◆ Records supplied
- - -

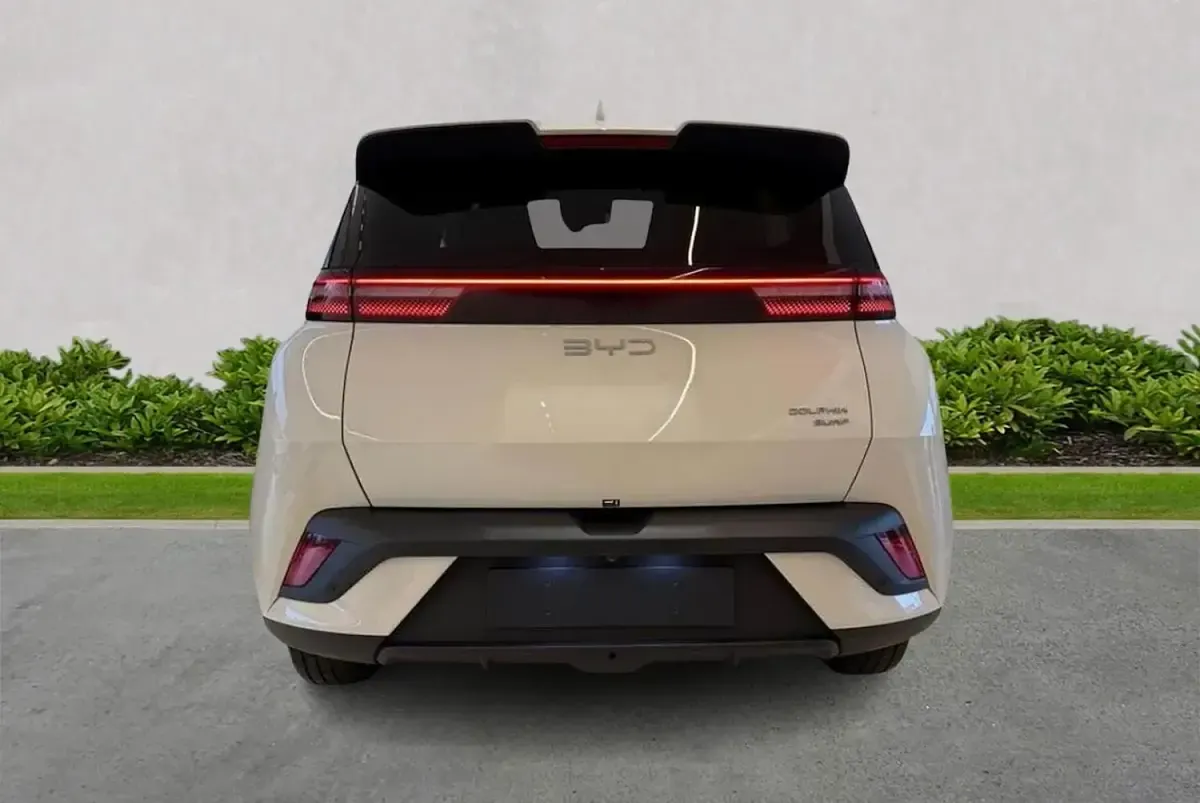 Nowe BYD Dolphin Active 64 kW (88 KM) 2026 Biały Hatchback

- - -

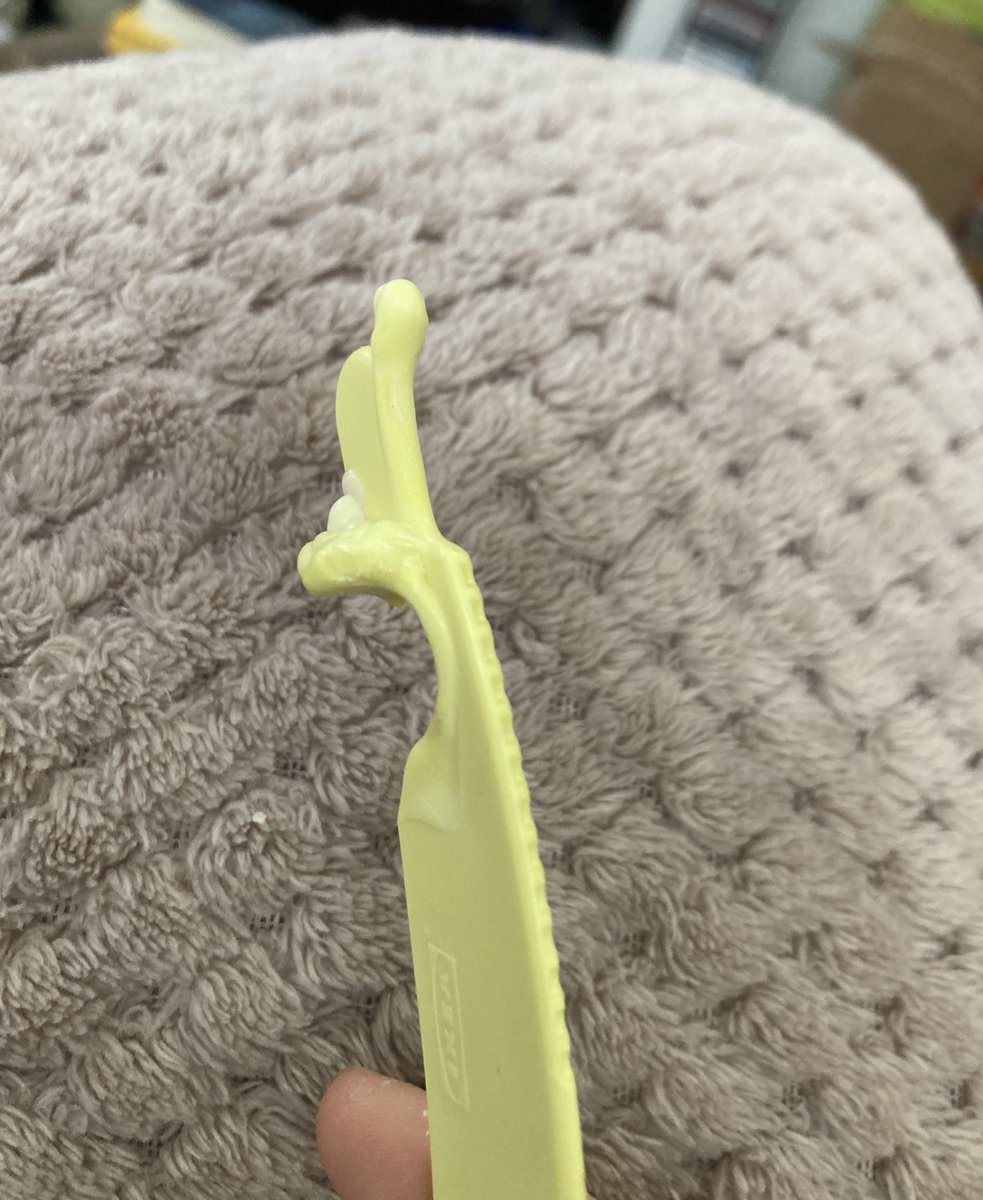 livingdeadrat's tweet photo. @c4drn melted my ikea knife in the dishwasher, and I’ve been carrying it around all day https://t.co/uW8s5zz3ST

- - -

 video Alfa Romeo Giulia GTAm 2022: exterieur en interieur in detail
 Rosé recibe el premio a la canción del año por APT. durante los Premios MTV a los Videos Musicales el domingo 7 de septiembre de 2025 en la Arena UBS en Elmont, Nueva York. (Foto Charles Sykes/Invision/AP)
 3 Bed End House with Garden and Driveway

- - -

Above are the records; repeat exactly the lines from the one holding "video Alfa Romeo" down to the one holding "3 Bed End House with Garden and Driveway", end lines included.

 video Alfa Romeo Giulia GTAm 2022: exterieur en interieur in detail
 Rosé recibe el premio a la canción del año por APT. durante los Premios MTV a los Videos Musicales el domingo 7 de septiembre de 2025 en la Arena UBS en Elmont, Nueva York. (Foto Charles Sykes/Invision/AP)
 3 Bed End House with Garden and Driveway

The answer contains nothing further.